→ Task brief
Make an exact copy of all the entries, with the pictures left out.

→ Exercise data
* * * * * * *

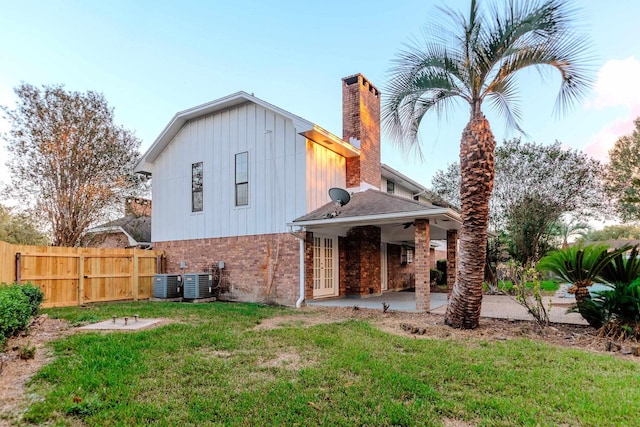 rear view of property featuring a yard, a patio area, and central air condition unit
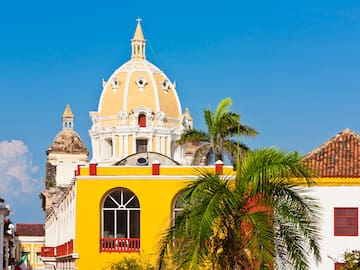a yellow building with a dome on top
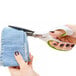 A hand using Westcott CarboTitanium scissors to cut a piece of jeans.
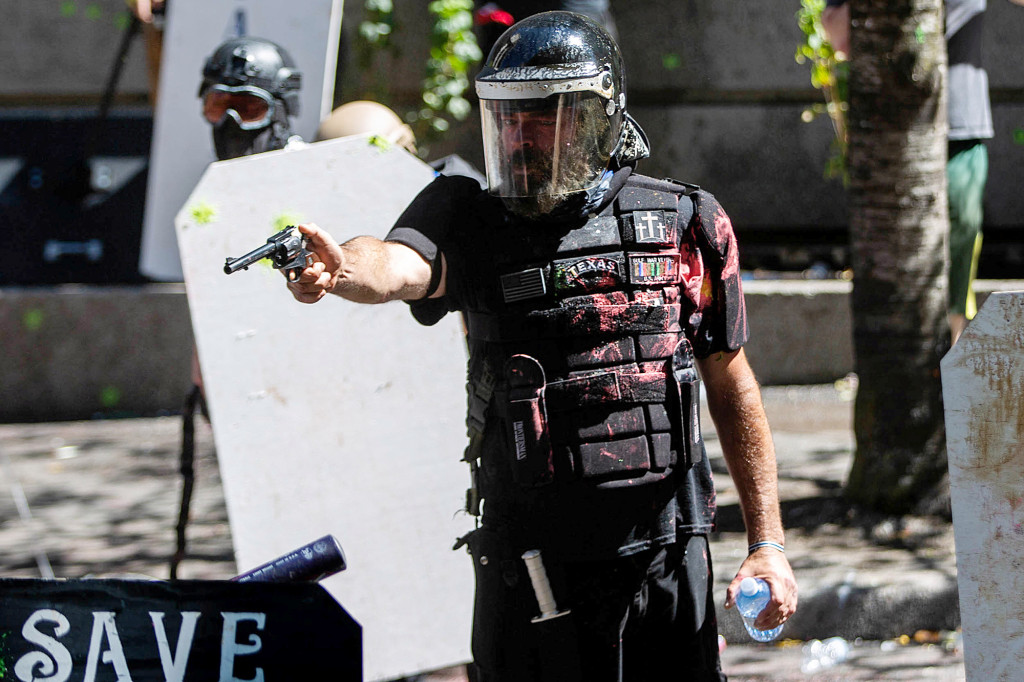 Portland cops stand by as groups of protesters clash with
guns, smoke bombs 1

* * * * * * *

→ Solution to the exercise
 rear view of property featuring a yard, a patio area, and central air condition unit
a yellow building with a dome on top
 A hand using Westcott CarboTitanium scissors to cut a piece of jeans.
 Portland cops stand by as groups of protesters clash with
guns, smoke bombs 1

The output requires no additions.